La recherche de Roger Bernat constitue le cas presque unique d’une véritable « poétique de la participation ». De Domini Public à Numax-Fagor-plus, Bernat traverse tous les cadres et les règles de l’interaction, réorganise les instruments du temps et de l’espace et transforme avec une simplicité extraordinaire les conditions performatives, sans jamais renoncer à décliner l’interaction, à la pervertir (dans le meilleur sens du mot), afin de faire de l’interaction la circonstance critique et symbolique qu’elle avait dû être aux origines. Bernat transforme les techniques de l’engagement du public, traditionnellement basées sur des processus de type psychologique ou émotionnel, en de véritables technologies : re-pensée éthique des paradigmes de l’interaction. Si la norme technique est la production de la sincérité, l’exception technologique – la perversion poétique mise en scène par Bernat – démasque systématiquement la sincérité. Si le spectacle de participation doit fonctionner comme un dispositif, les dispositifs utilisés par Bernat sont toujours le produit d’une relecture des instruments médiatiques, instruments qui sont le résultat d’une révision des technologies actuelles qui se veut formellement neutre et désincarnée. Révision qui, sémantiquement, est faussement neutre. Les dispositifs sont donc utilisés pour démontrer que le lieu de la sincérité est à priori dégradé par un sorte de fausseté structurelle qui est la nécessaire maladie primitive et le privilège dialectique de n’importe quel théâtre. Pour le spectateur, habiter ce lieu est une tache épineuse, parfois douloureuse. Il n’y a pas de conscience si la conscience n’est pas piégée.

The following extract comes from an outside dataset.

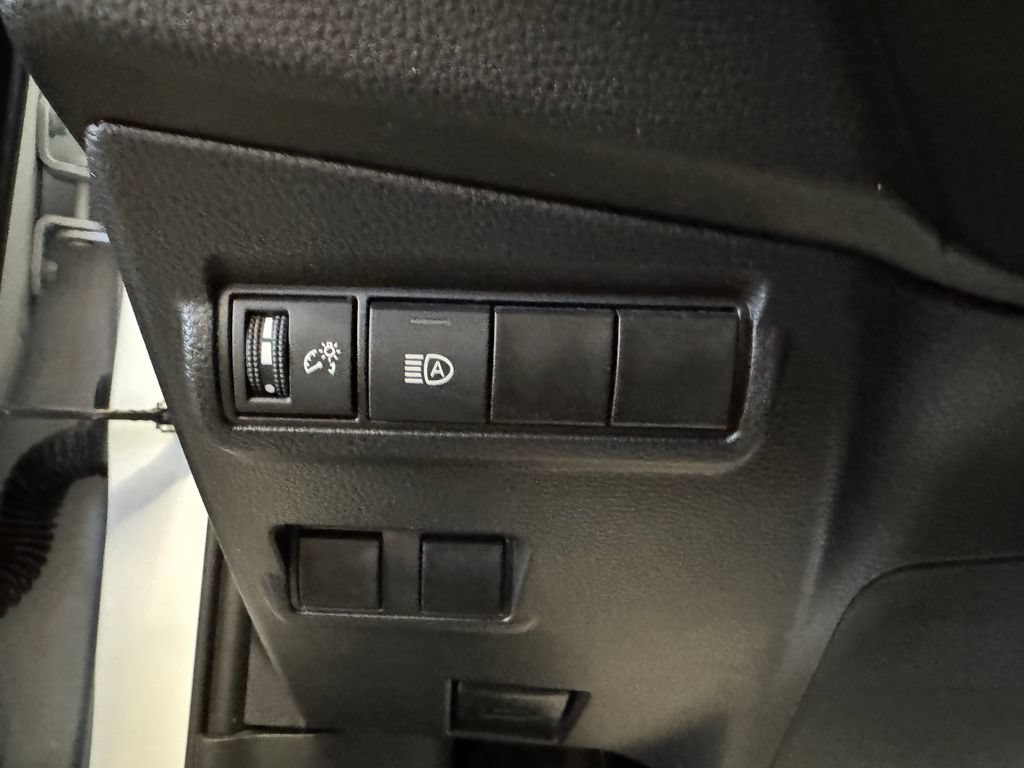 Used 2024 Toyota Corolla Cross LE FWD image 18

Temps difficiles pour le public : une fois achevée les métaphores communautaires, le spectateur redevient (tragiquement) soi- même, conscient d’être symbole ou métaphore de la vérité parce que la scène qu’il a en face, de plus en plus vide, de moins en moins « persuasive », a renoncé à être le symbole ou la métaphore d’une mensonge. La participation fait problème en soi. Le rituel échoue précisément pour démontrer qu’à un niveau éthique l’échec ou la perversion des dynamiques communautaires est nécessaire pour développer une conscience réellement sociale. En plus, au niveau poétique, le spectateur participatif, laissé seul à écrire son rôle de spectateur, est le dernier Hamlet d’une longue généalogie du doute. Pour cette raison, si les formes et l’inefficacité performative de ce spectateur – les « insuffisances » de sa prestation – constituent une sorte de réduction poétique (au contraire, le fait de mal faire semblant serait une nouvelle confirmation de la miraculeuse contribution à la vérité représentée par sa présence), dans le théâtre de Roger Bernat cette inefficacité même est le moteur d’une nécessaire, hamletienne, prise de conscience des possibilités et des impossibilités implicites au statut de spectateur, citoyen, humain. Si le format de la participation cherche en général à éliminer, à ignorer ou à sous-estimer tout ce qui empêche l’expérience d’un absolu, d’une immersion totale et médiumique (qui s’avère, malheureusement, totalitaire et médiatique), Roger Bernat invite le spectateur à une véritable théorie de la relativité, à l’expérience poétique et pas toujours consolatoire de l’insuffisance et du doute. Le moment politique du théâtre commence justement ici. Dans le fait de savoir que la liberté dépurée du nouveau spectateur ne réside pas dans la liberté de choisir (qui est, finalement, la plus puissante des idéologies de la société de consommation et le piège de l’interactivité médiatisée), mais dans la nature éthique de ce qu’il choisit. Et aussi que faire le bon choix, ou le moins nuisible, est la plus lourde des responsabilités poétiques.